▸ **AVAILABLE DATA**:

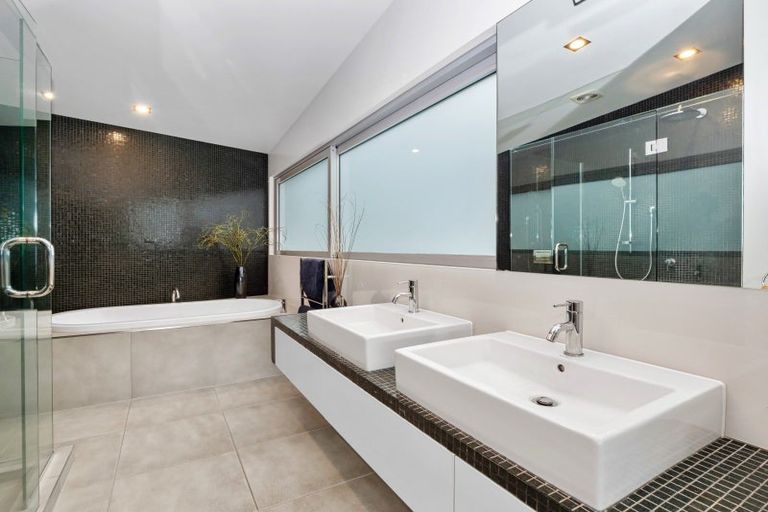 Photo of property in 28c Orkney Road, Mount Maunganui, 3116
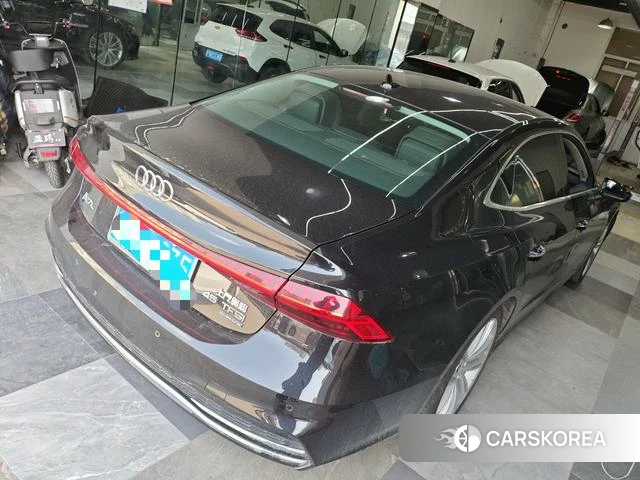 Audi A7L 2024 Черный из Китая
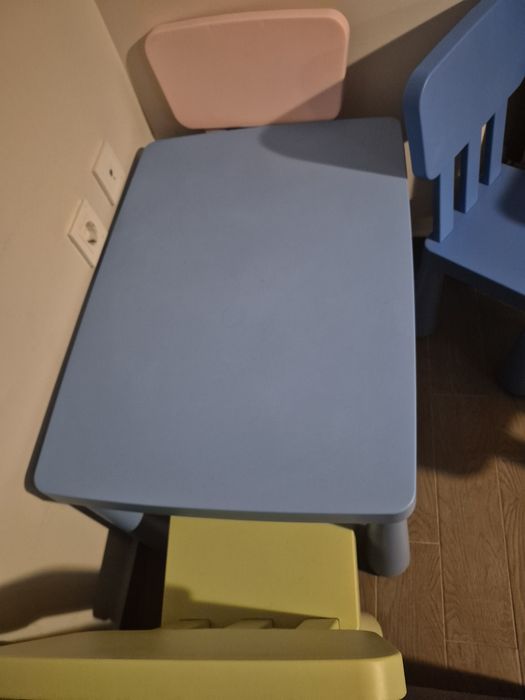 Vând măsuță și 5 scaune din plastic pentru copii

▸ **WHAT IS EXPECTED**: Only the text of the listing above is copied, exactly as written; its pictures are dropped.

▸ **ANSWER FOR THE TASK**:
 Photo of property in 28c Orkney Road, Mount Maunganui, 3116
 Audi A7L 2024 Черный из Китая
 Vând măsuță și 5 scaune din plastic pentru copii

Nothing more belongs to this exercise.